Reputation: 572
I'm getting "expected initializer before 'read_file' as an error. The error is on the line "instruction code[] read_file(instruction code[])." Its on line Been searching the web for help, all im finding is c++ related post, so to clarify this is for C.
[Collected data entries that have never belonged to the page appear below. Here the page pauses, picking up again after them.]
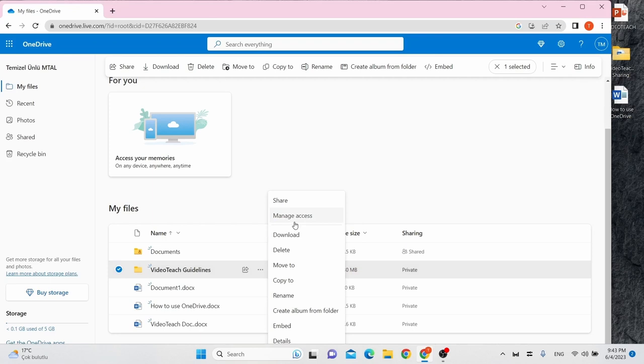Remember, when you share a folder, all of your documents in that folder will be shared. You cannot set individual sharing settings for documents within a shared folder.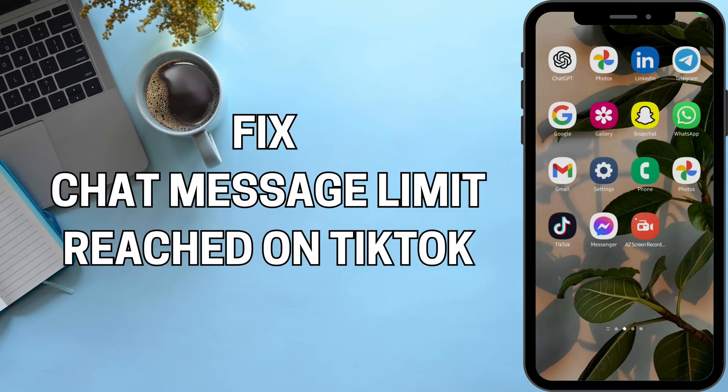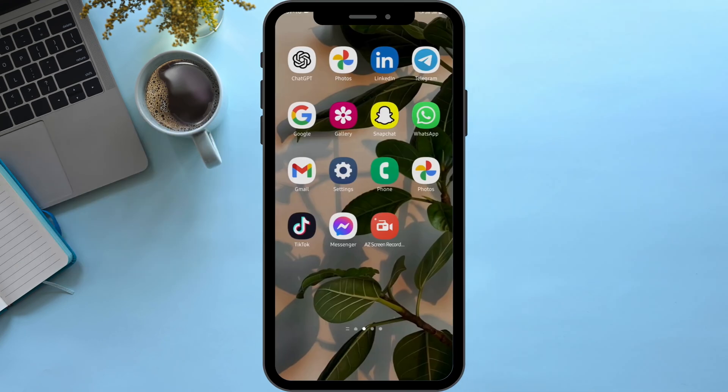How to fix a chat message limit reached on TikTok. Hey everybody, welcome back to our YouTube channel. In today's video, I'm going to show you how you can fix your chat limit reached in your TikTok. So without any further ado, let us jump right into the process.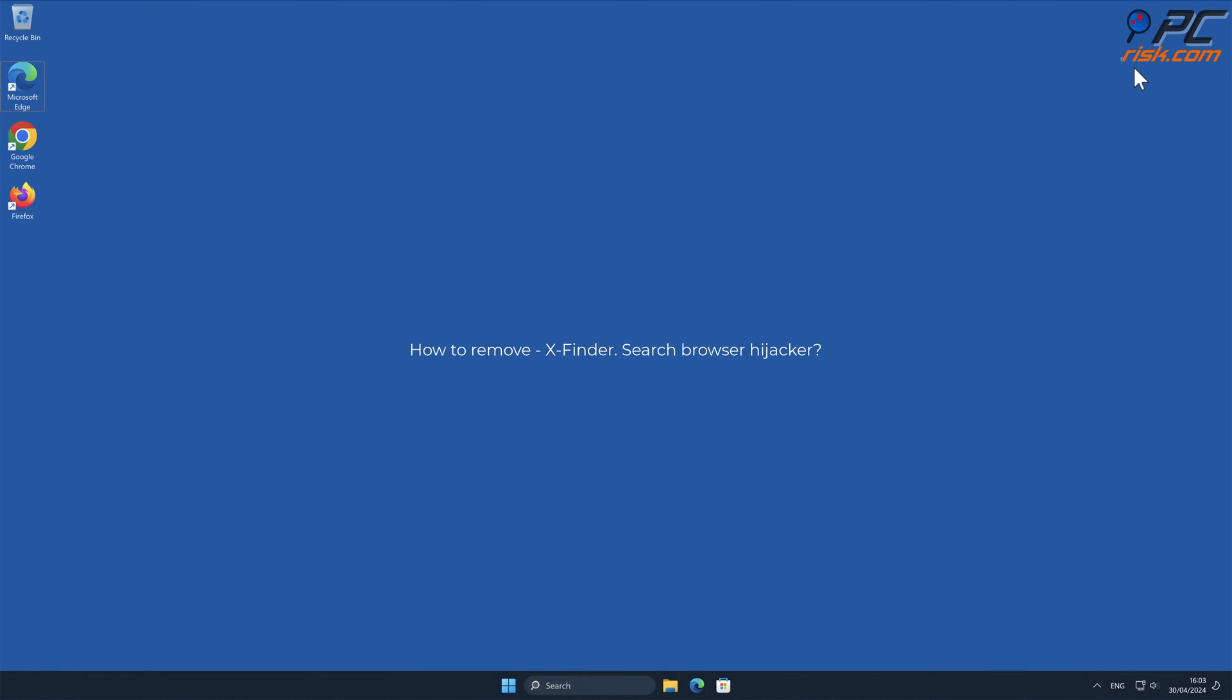In this video, we will show you how to remove x-finder.search browser hijacker.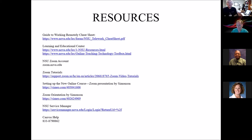There are Zoom tutorials and presentations produced by Zoom that are quite good. Here's the Vimeo link for the setting up a new online course workshop I did yesterday and a Zoom orientation I did two days ago. If you have problems with Zoom or Canvas, use the NSU Service Manager and the Canvas help number. The people at Canvas are quite good — they tend to answer within three rings and can solve most problems over the telephone.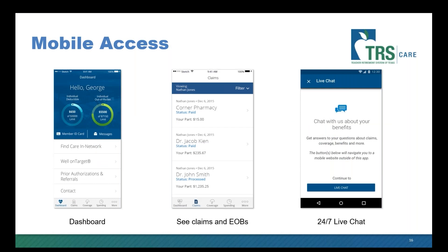The Blue Cross Blue Shield of Texas mobile app allows you to find important information quickly and easily. You can check claim status, track deductibles and out-of-pocket maximums, view prior authorizations and out-of-pocket spending. If you have an iPhone, you can view your ID card and add it to Apple Wallet, or email your ID card to providers. The app is available in Spanish for both iPhone and Android users. With Blue Access for Members and the BCBSTX app, your benefits are at your fingertips wherever you are.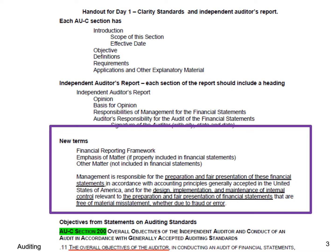Management is responsible for the preparation and fair presentation of financial statements in accordance with generally accepted accounting principles. Management is also responsible for the design, implementation, and maintenance of internal control relevant to the preparation and fair presentation of financial statements that are free of material misstatement, whether due to fraud or error. It's absolutely essential that you understand: management is responsible for the financial statements — the auditor is not. Don't ever let the client shift responsibility to you.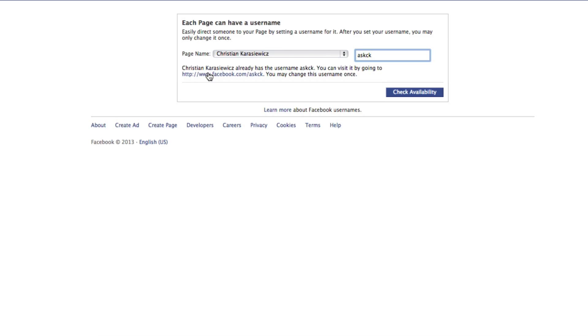And at this point, you're going to have the ability to type in something new for your Facebook page. Now, if it's not available, Facebook's going to tell you that. If it is, they're going to ask you to confirm it. Once you click confirm, you've now locked in your Facebook page URL.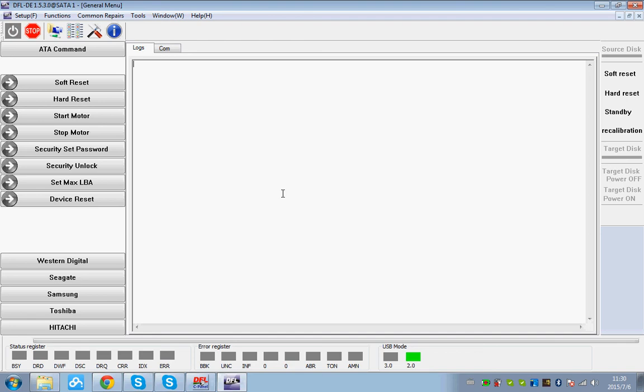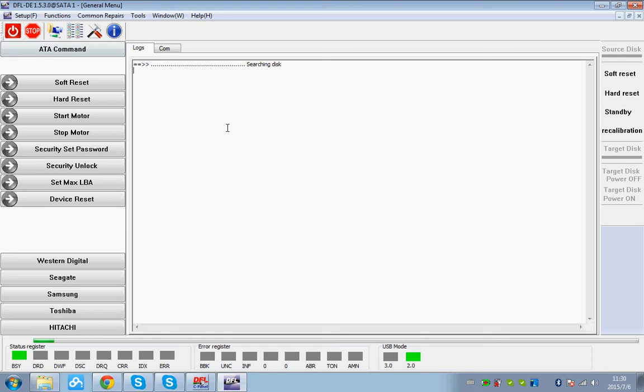So now I have opened the program. Now let's power on the drive. Here we have a Seagate 4TB drive. Let's take a look when it's ready.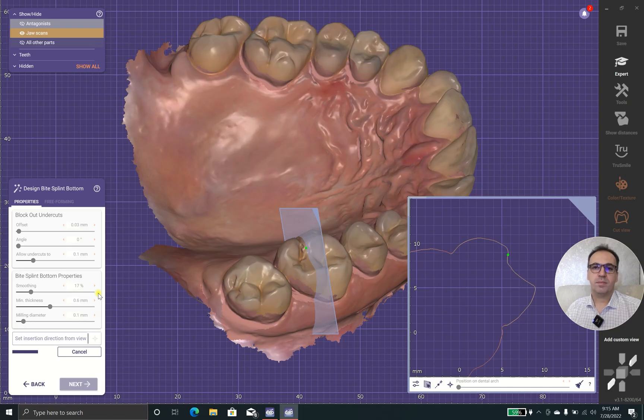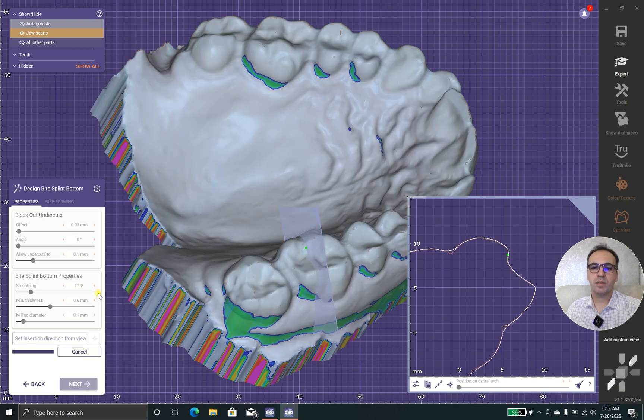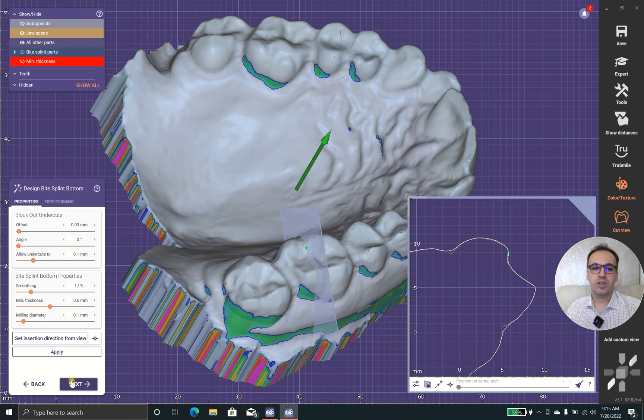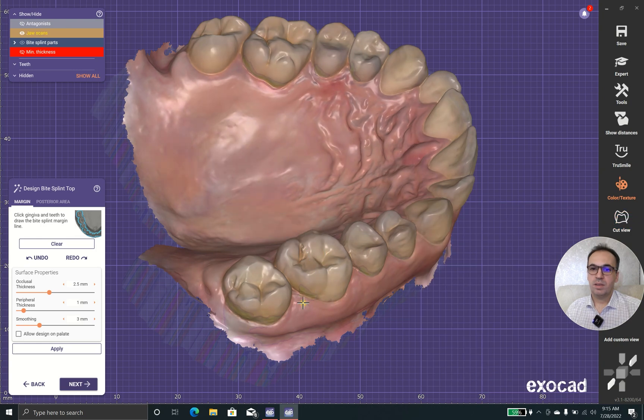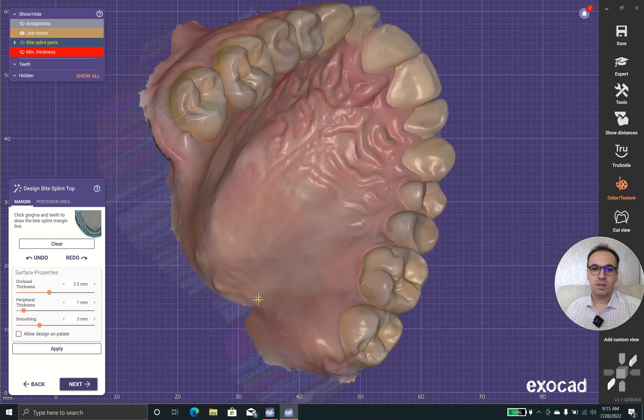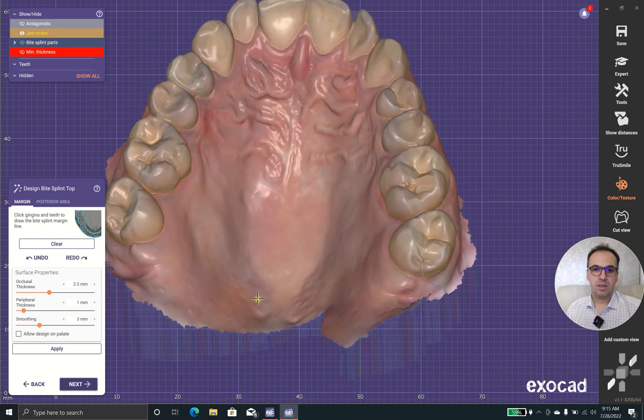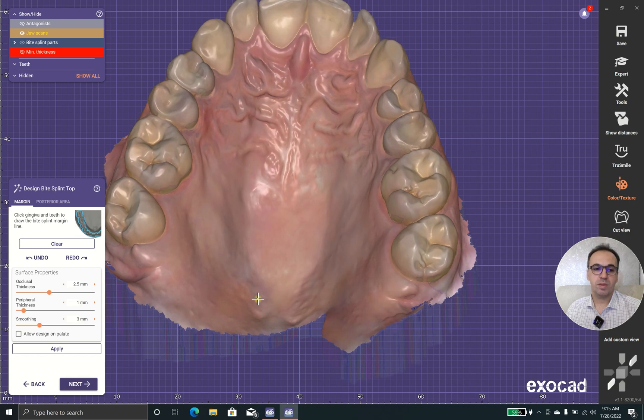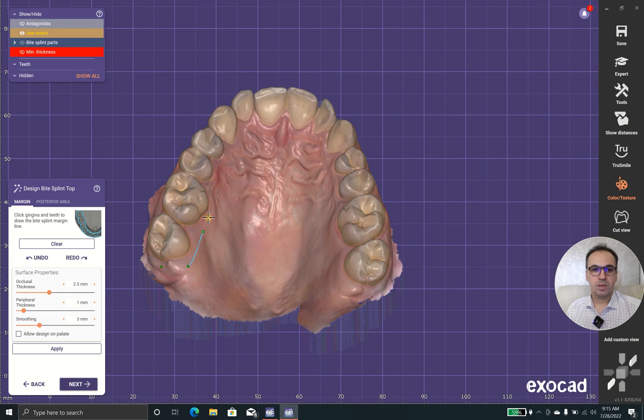You should be aware that these parameters will change how your process works. In this case, the splint will set on the tissue, and now I'm going to design my prosthesis.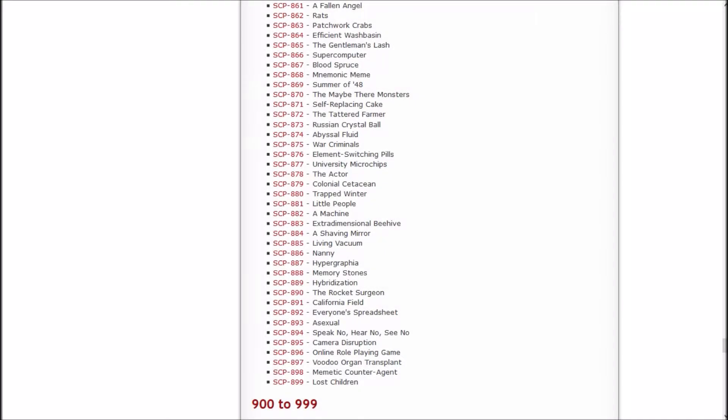Howdy howdy howdy, my name is Inashi Saska and welcome back to Let's Read the SCP Foundation Wiki. In the last episode I believe we read The Supercomputer, Blood Spruce, Mnemonic Meme, The Summer of '48, and There May Be Monsters.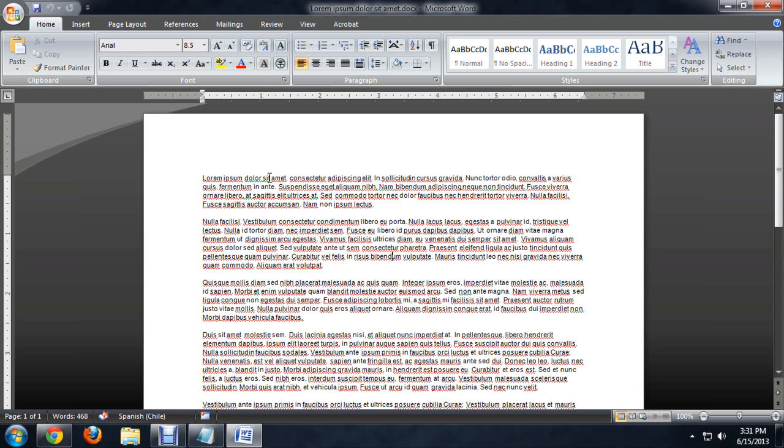A lot of them also have that green underline, meaning that the not real words also violate our rules of grammar. To get rid of these little lines,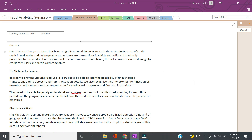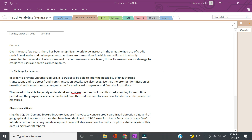For the past few years, there has been a significant worldwide increase in the unauthorized use of credit cards. When we say unauthorized, it means somebody might have cloned your credit card, or there's wrongful online usage of a credit card, and a number of other things. In order to prevent this unauthorized use, it is crucial to be able to infer the possibility of an unauthorized transaction and to detect fraud from the transaction details.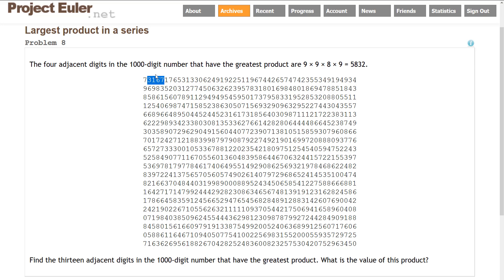There aren't many tricks in this problem. The one optimization is checking whether any digit in our current substring is zero. Since zero multiplied by anything is zero, we can break out immediately when we find one, avoiding unnecessary multiplication.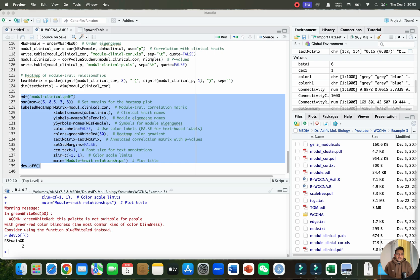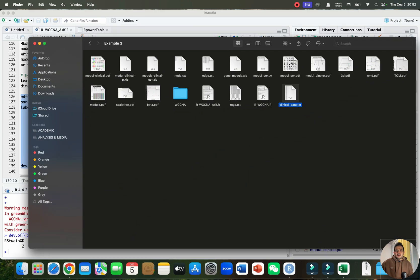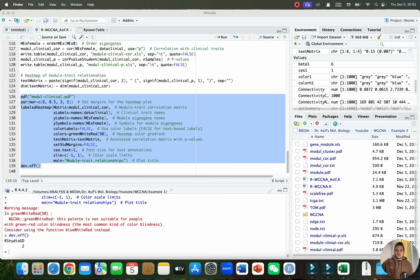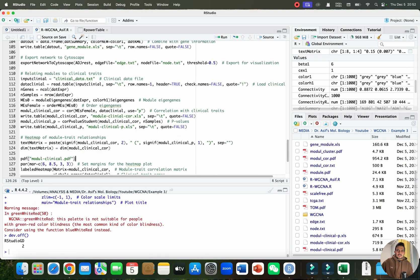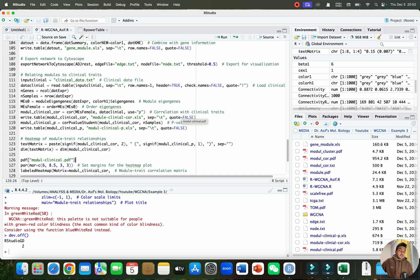Now we can go to the output folder and check all the generated data. You can see all the files required for WGCNA analysis have been produced. Hopefully this R script will be fully reproducible for your data as well. If you have any questions, please let me know in the comment section. Thank you for watching — bye!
I've tried moving around the positioning of the function protypes. I wrote the same program earlier that implemented linked list instead of an array and I had no errors, so I'm thinking it may have something to do with the structure array.
Thanks for the help.
#include<stdio.h>
#include <stdlib.h>
typedef struct instruction{
int op; //opcode
int l; // L
int m; // M
} instr;
FILE * ifp; //input file pointer
FILE * ofp; //output file pointer
instruction code[501];
instruction code[] read_file(instruction code[]);
char* lookup_OP(int OP);
void print_program(instruction code[]);
void print_input_list(instruction code[]);
int main(){
code = read_file(code);
print_input_list(code);//used for debugging
print_program(code);
}
instruction code[] read_file(instruction code[]){
int i = 0;
ifp = fopen("input.txt", "r");
while(!feof(ifp)){
fscanf(ifp,"%d%d%d",&code[i]->op, &code[i]->l, &code[i]->m);
i++;
}
code[i]->op = -1; //identifies the end of the code in the array
fclose(ifp);
return code;
}
Upvotes: 0
Views: 5491
Reputation: 1
Try with a function returning a calloc
-ed (see calloc(3) man page) pointer of instr
.
So
instr* read_file(const char*filename)
{
instr* arr=NULL;
int len=0, size=0;
FILE* f= fopen(filename, "r");
if (!f) { perror(filename); exit(EXIT_FAILURE); };
while (!feof (f)) {
if (len>=size-1) {
int newsize = 5*len/4+50;
instr* newarr = calloc(newsize, sizeof(instr));
if (!newarr) { perror("calloc"); exit(EXIT_FAILURE); };
if (arr) memcpy (newarr, arr, sizeof(instr)*len);
free (arr);
arr = newarr;
size = newsize;
};
if (fscanf(f, "%d %d %d",
&arr[len]->op, &arr[len]->l, &arr[len]->m)<3)
break;
len++;
}
arr[len]->op = -1; // end of array marker
fclose(f);
return arr;
}
The above function reads a heap allocated array of instr
[in pointer arr
] and is reallocating it as needed.
Don't forget to free
the result of read_file
near the end of your program.
With the above code, you can read a lot of instr
(perhaps millions on an average PC, and much more than 500). Then you'll code
int main() {
instr* code = read_file("input.txt");
print_program(code);
// at the very end of main
free(code);
}
Upvotes: 0
Reputation: 2420
This is the corrected code.
#include<stdio.h>
#include <stdlib.h>
typedef struct instruction{
int op; //opcode
int l; // L
int m; // M
} instruction;
FILE * ifp; //input file pointer
FILE * ofp; //output file pointer
instruction code[501];
instruction * read_file(instruction code[]);
char* lookup_OP(int OP);
void print_program(instruction code[]);
void print_input_list(instruction code[]);
int main(){
instruction * code = read_file(code);
print_input_list(code);//used for debugging
print_program(code);
}
instruction * read_file(instruction code[]){
int i = 0;
ifp = fopen("input.txt", "r");
while(!feof(ifp)){
fscanf(ifp,"%d%d%d",&code[i].op, &code[i].l, &code[i].m);
i++;
}
code[i].op = -1; //identifies the end of the code in the array
fclose(ifp);
return code;
}
Upvotes: 0
Reputation: 225112
instruction code[] read_file(instruction code[])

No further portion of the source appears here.